Records from a dataset

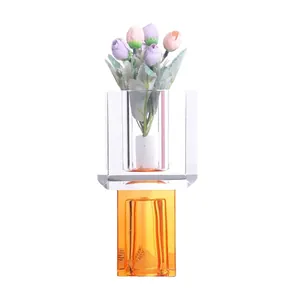 Moderne quadratische Kristallvase im nordischen Stil mit elegantem bernsteinfarbenem Boden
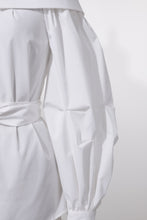 画像をギャラリービューアに読み込む, Off Shoulder Peplum Blouse.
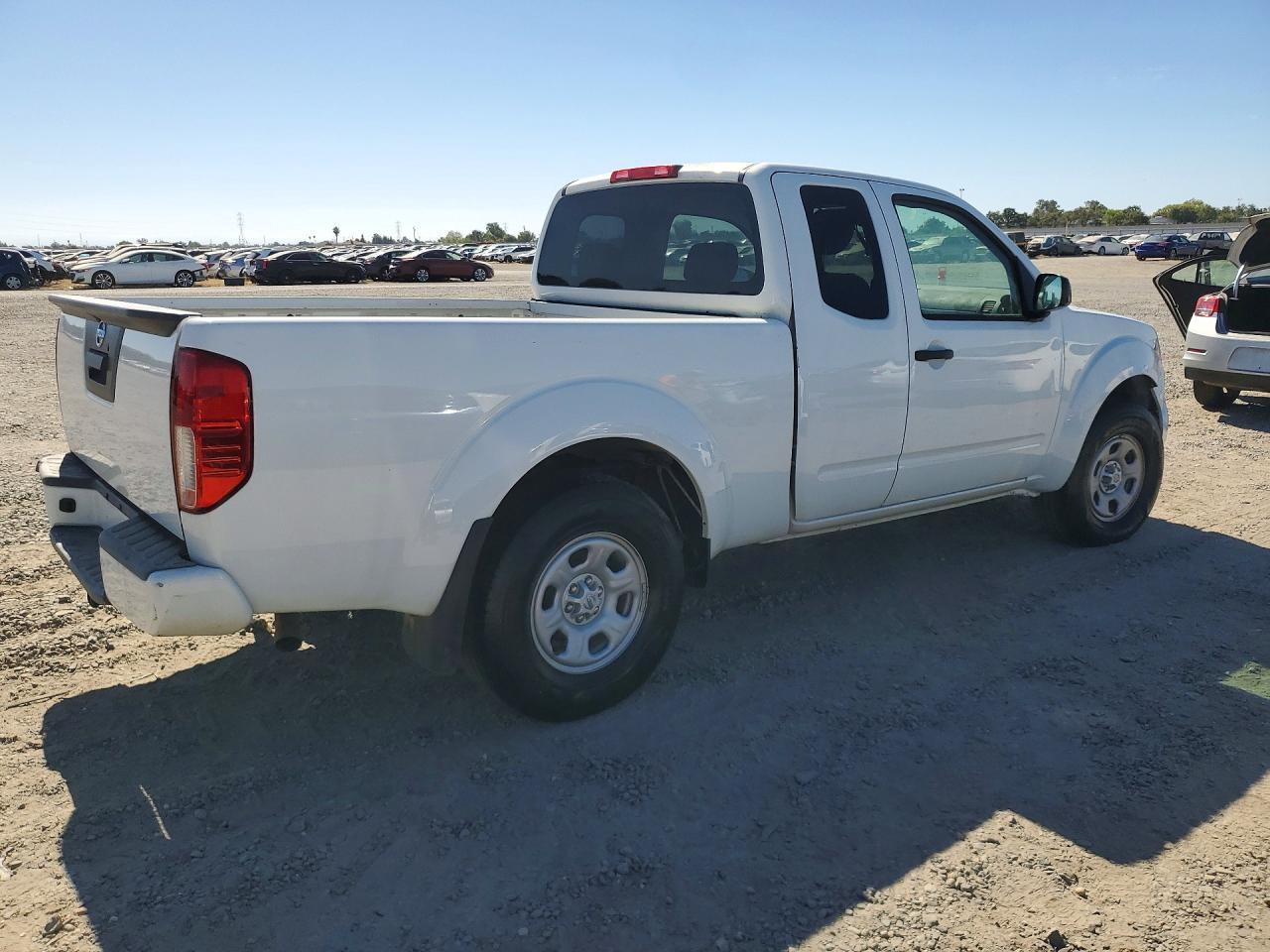 2020 Nissan Frontier, S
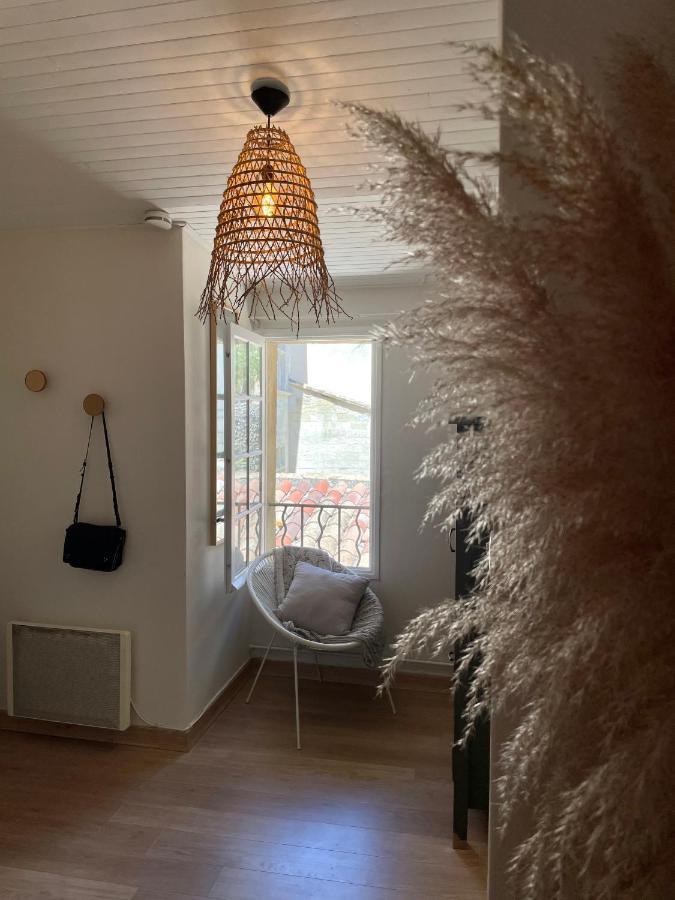 Appartement Aux Pieds Du Palais Des Papes. Avignon Luaran gambar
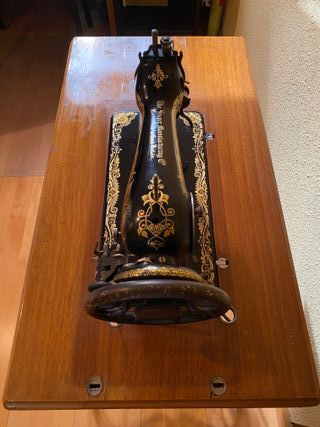 Máquina de coser Singer antigua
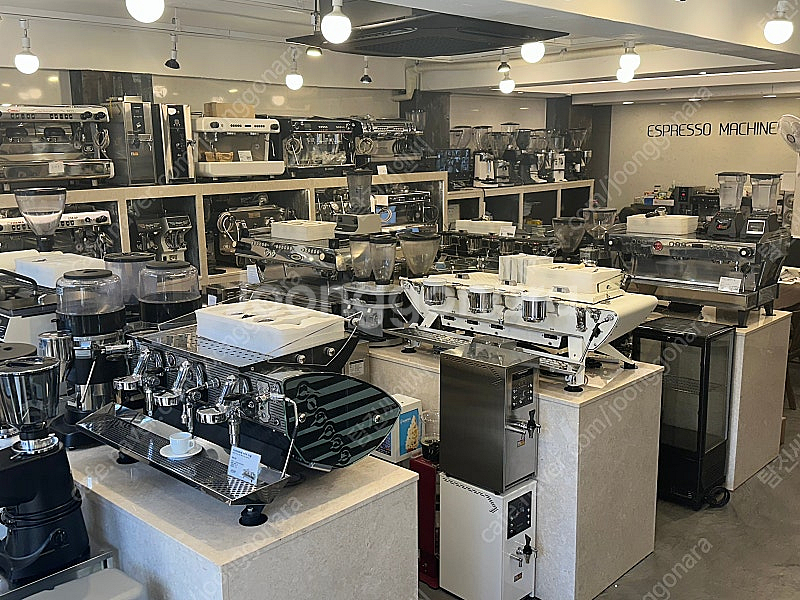 업소용 중고커피머신 반자동커피머신 씨메,훼마,엘로치오 등 최저가 카페창업패키지--0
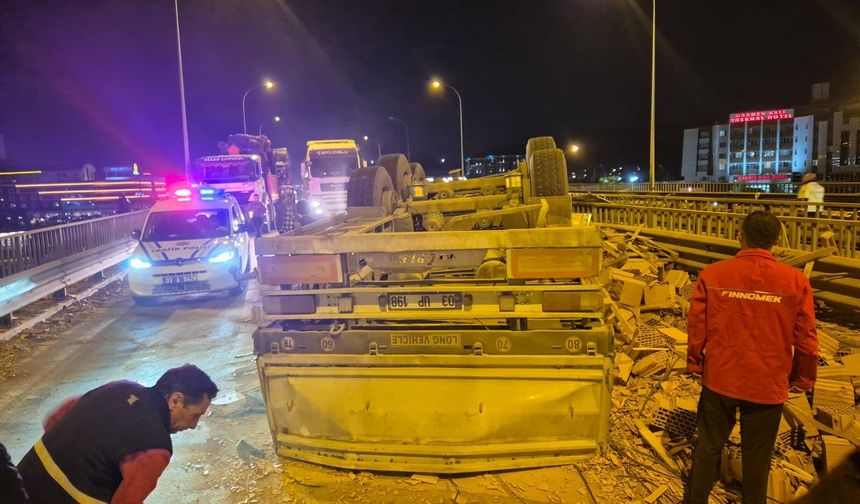 Afyonkarahisar'da feci kaza: 1'i ağır 6 yaralı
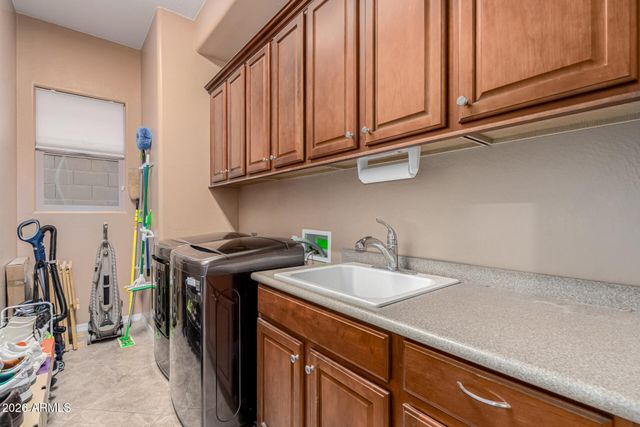 1806 W YELLOW BIRD Lane, Phoenix, AZ 85085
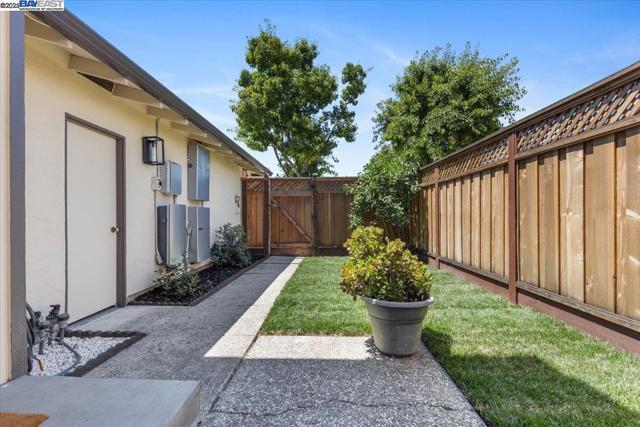 8351 Mulberry Pl, Dublin CA: https://media.crmls.org/mediaz/05530dcb-34a1-453e-b0d5-032f09affd63.jpg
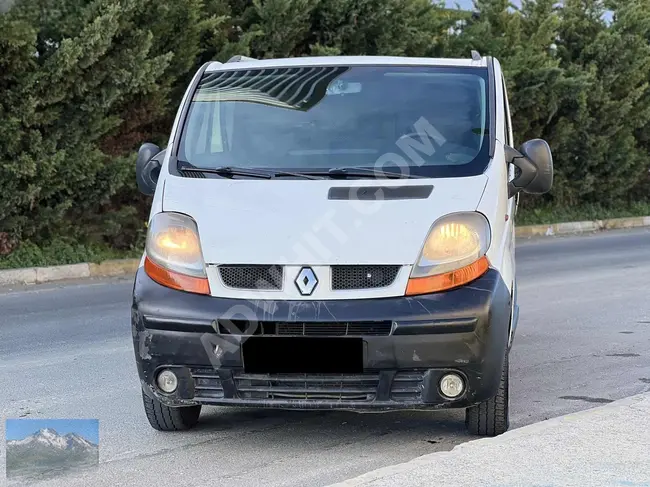 Renault Trafic Multix model 2006 with new inspection and traffic maintenance.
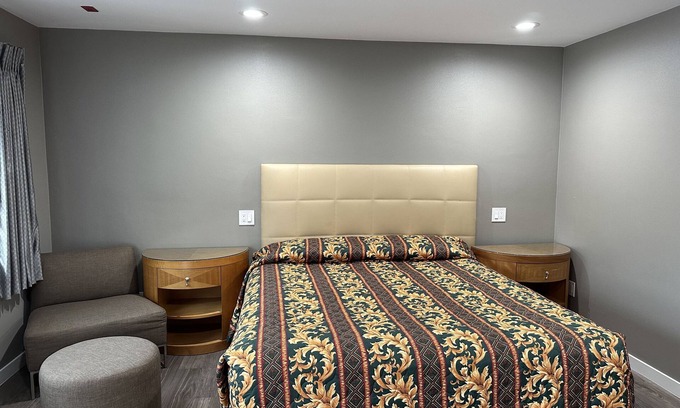 Harbor Hotel | Stay Inn Motel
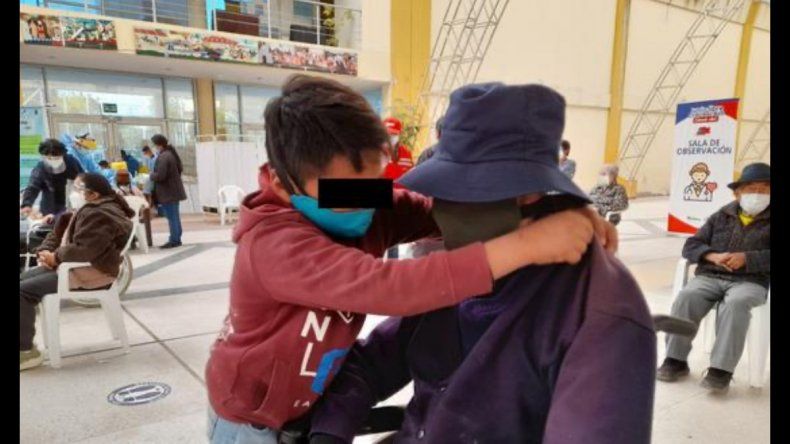 Covid-19: niño junto a su abuelo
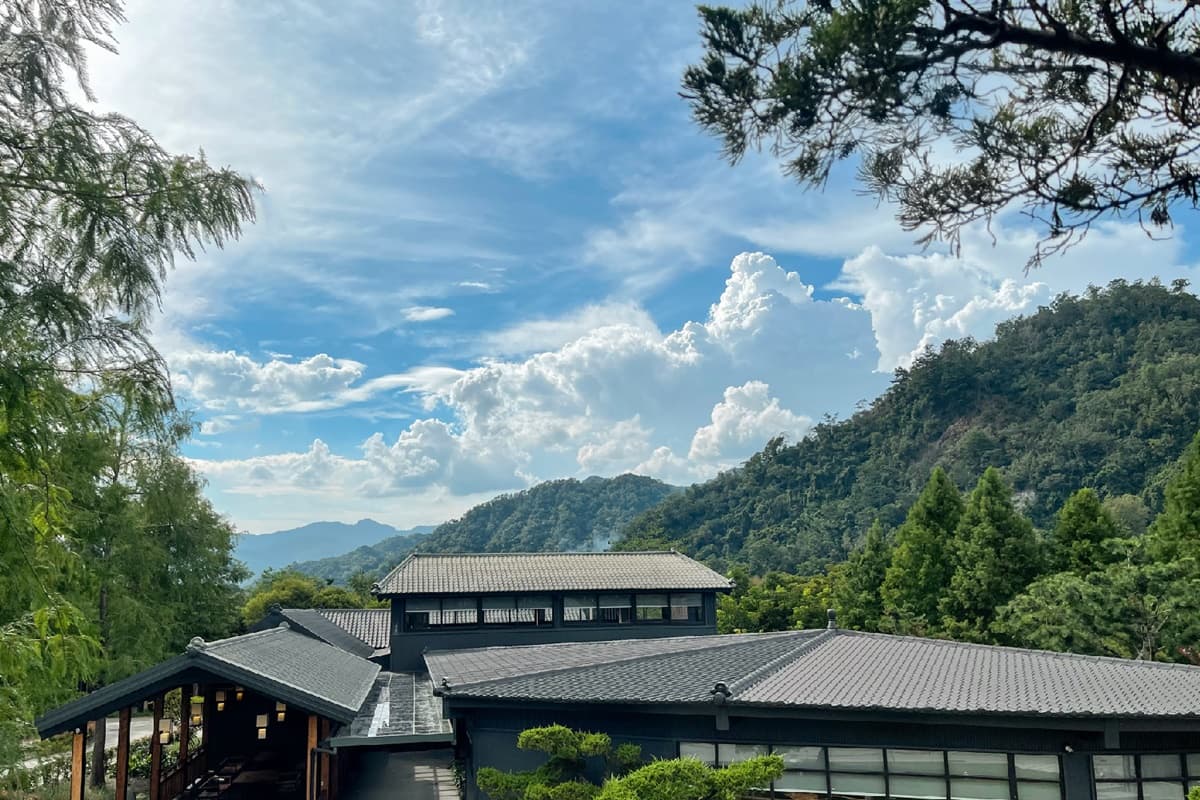 年底前門票50元！春水堂全新園區「春秋山林」，招牌珍奶＋百道料理、爽泡足湯
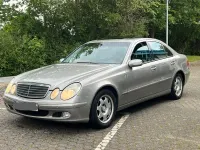 Gebraucht Mercedes E220 Classic 150 PS (110 kW) 2005 Beige Limousine
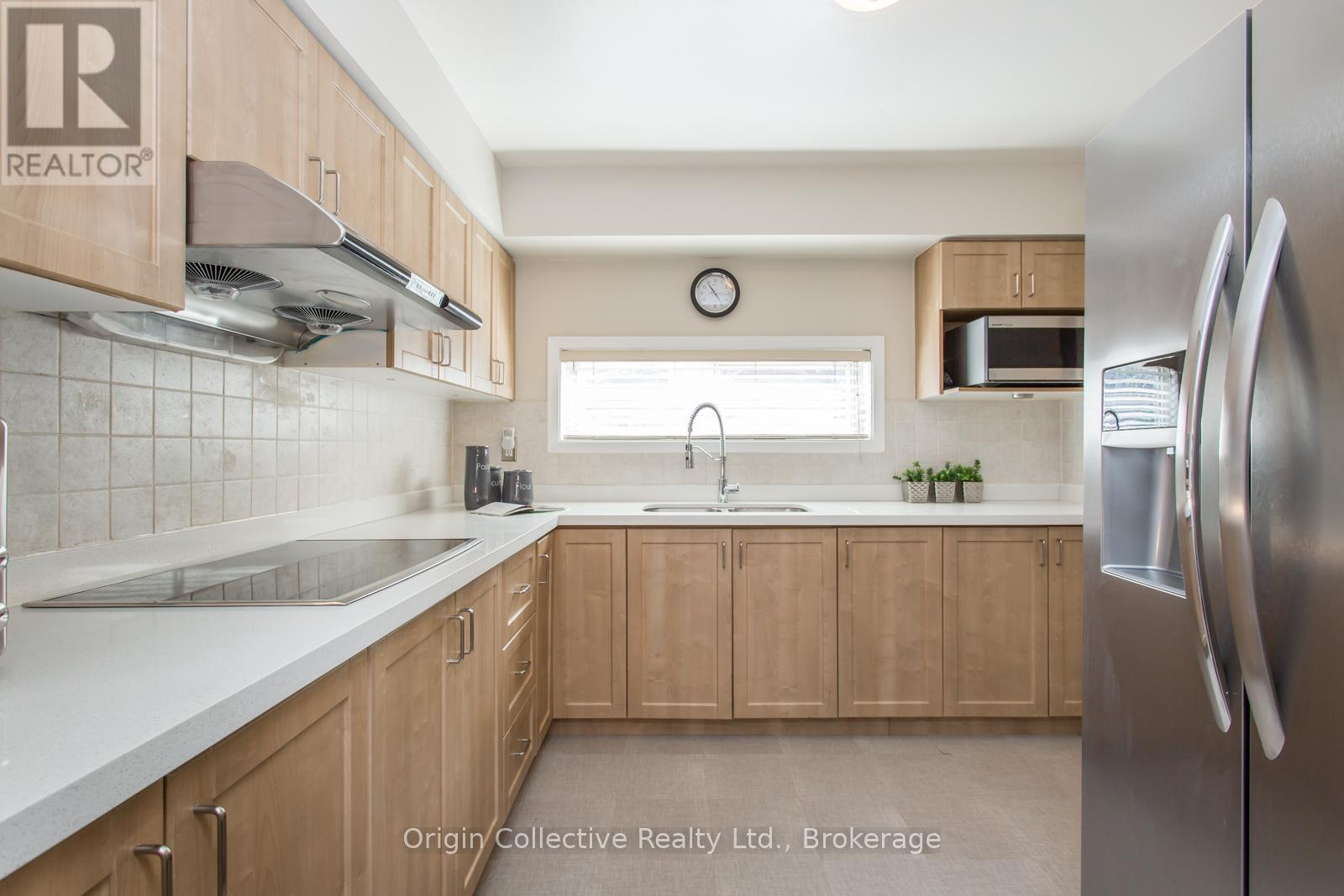 #40 10 ESTERBROOKE AVENUE - 6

• _DIRECTIONS FOR THIS TASK_:
Would you please repeat the entries above verbatim, excluding each picture?

• _ANSWER BOX_:
 Moderne quadratische Kristallvase im nordischen Stil mit elegantem bernsteinfarbenem Boden
 画像をギャラリービューアに読み込む, Off Shoulder Peplum Blouse.
 2020 Nissan Frontier, S
 Appartement Aux Pieds Du Palais Des Papes. Avignon Luaran gambar
 Máquina de coser Singer antigua
 업소용 중고커피머신 반자동커피머신 씨메,훼마,엘로치오 등 최저가 카페창업패키지--0
 Afyonkarahisar'da feci kaza: 1'i ağır 6 yaralı
 1806 W YELLOW BIRD Lane, Phoenix, AZ 85085
 8351 Mulberry Pl, Dublin CA: https://media.crmls.org/mediaz/05530dcb-34a1-453e-b0d5-032f09affd63.jpg
 Renault Trafic Multix model 2006 with new inspection and traffic maintenance.
 Harbor Hotel | Stay Inn Motel
 Covid-19: niño junto a su abuelo
 年底前門票50元！春水堂全新園區「春秋山林」，招牌珍奶＋百道料理、爽泡足湯
 Gebraucht Mercedes E220 Classic 150 PS (110 kW) 2005 Beige Limousine
 #40 10 ESTERBROOKE AVENUE - 6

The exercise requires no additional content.